Start of Block

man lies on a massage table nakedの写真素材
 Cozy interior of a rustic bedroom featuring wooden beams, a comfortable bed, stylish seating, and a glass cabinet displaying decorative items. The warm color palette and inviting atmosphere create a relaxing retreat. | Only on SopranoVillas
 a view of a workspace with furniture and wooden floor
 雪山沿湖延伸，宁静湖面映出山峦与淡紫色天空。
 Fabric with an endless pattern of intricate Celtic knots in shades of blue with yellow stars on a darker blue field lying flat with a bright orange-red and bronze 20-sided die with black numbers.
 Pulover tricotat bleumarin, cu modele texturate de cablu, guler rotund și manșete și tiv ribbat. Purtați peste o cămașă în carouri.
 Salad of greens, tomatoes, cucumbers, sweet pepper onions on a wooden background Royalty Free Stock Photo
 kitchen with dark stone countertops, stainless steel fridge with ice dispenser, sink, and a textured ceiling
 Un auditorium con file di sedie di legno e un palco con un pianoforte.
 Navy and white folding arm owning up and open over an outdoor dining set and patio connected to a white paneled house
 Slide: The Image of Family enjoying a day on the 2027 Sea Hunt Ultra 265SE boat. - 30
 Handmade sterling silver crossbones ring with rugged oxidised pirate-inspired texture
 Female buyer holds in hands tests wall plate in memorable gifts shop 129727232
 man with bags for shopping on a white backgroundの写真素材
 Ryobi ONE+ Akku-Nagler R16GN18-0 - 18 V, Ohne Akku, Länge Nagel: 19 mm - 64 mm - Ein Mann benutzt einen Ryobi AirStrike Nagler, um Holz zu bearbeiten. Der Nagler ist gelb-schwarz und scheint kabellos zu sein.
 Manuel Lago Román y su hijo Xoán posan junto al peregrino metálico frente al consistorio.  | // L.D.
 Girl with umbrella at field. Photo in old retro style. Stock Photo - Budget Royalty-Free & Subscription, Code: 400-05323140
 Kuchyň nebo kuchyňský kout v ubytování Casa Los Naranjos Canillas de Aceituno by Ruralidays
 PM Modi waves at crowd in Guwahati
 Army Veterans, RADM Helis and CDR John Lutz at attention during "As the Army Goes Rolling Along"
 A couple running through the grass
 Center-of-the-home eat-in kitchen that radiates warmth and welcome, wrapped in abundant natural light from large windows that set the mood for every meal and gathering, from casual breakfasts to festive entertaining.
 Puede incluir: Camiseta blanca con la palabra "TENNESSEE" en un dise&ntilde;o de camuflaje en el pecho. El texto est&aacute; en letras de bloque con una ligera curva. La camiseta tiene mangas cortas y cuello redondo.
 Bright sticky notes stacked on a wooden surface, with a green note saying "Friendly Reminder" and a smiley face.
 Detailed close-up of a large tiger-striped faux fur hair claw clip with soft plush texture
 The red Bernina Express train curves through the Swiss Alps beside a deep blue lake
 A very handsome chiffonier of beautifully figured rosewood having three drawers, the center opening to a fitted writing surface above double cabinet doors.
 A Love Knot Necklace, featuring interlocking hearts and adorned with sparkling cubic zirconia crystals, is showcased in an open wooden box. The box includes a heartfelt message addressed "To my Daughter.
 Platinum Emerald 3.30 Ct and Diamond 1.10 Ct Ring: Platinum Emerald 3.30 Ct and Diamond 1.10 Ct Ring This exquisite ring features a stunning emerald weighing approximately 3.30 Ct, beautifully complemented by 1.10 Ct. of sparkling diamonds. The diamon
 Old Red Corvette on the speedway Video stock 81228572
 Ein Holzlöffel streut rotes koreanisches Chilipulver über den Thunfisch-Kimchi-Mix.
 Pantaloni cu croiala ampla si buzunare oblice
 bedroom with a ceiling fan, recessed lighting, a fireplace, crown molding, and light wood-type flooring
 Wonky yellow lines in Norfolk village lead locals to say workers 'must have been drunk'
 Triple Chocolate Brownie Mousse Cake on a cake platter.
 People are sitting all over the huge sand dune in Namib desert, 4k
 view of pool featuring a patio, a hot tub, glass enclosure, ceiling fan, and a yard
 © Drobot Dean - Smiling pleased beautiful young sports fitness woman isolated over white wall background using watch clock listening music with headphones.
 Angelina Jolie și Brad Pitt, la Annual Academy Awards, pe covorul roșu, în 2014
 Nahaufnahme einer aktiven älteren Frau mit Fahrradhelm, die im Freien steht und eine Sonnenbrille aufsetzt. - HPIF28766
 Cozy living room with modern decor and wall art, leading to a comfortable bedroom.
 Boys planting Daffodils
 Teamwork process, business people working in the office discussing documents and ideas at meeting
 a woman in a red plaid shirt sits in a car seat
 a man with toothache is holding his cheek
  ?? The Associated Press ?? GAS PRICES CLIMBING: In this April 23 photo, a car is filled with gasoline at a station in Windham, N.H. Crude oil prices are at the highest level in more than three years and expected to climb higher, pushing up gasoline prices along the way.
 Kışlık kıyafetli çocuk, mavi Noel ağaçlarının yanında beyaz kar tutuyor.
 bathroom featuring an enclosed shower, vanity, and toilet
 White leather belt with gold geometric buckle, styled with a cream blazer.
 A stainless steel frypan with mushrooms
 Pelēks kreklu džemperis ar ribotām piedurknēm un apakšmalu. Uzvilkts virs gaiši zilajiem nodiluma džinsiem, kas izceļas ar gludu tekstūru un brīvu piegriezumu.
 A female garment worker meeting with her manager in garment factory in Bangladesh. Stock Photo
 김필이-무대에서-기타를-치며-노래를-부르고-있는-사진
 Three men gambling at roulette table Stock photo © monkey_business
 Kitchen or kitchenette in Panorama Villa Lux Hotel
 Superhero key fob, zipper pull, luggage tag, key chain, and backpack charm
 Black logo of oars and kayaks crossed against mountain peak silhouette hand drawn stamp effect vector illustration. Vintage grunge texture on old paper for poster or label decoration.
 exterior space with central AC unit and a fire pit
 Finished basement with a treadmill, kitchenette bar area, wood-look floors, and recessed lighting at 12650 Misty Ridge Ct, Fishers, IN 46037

End of Block

* **Exercise objective**: Output only an exact transcription of the lines above from the one with "Manuel Lago Román" up to and including the one with "Puede incluir: Camiseta".

* **Response box**:
 Manuel Lago Román y su hijo Xoán posan junto al peregrino metálico frente al consistorio.  | // L.D.
 Girl with umbrella at field. Photo in old retro style. Stock Photo - Budget Royalty-Free & Subscription, Code: 400-05323140
 Kuchyň nebo kuchyňský kout v ubytování Casa Los Naranjos Canillas de Aceituno by Ruralidays
 PM Modi waves at crowd in Guwahati
 Army Veterans, RADM Helis and CDR John Lutz at attention during "As the Army Goes Rolling Along"
 A couple running through the grass
 Center-of-the-home eat-in kitchen that radiates warmth and welcome, wrapped in abundant natural light from large windows that set the mood for every meal and gathering, from casual breakfasts to festive entertaining.
 Puede incluir: Camiseta blanca con la palabra "TENNESSEE" en un dise&ntilde;o de camuflaje en el pecho. El texto est&aacute; en letras de bloque con una ligera curva. La camiseta tiene mangas cortas y cuello redondo.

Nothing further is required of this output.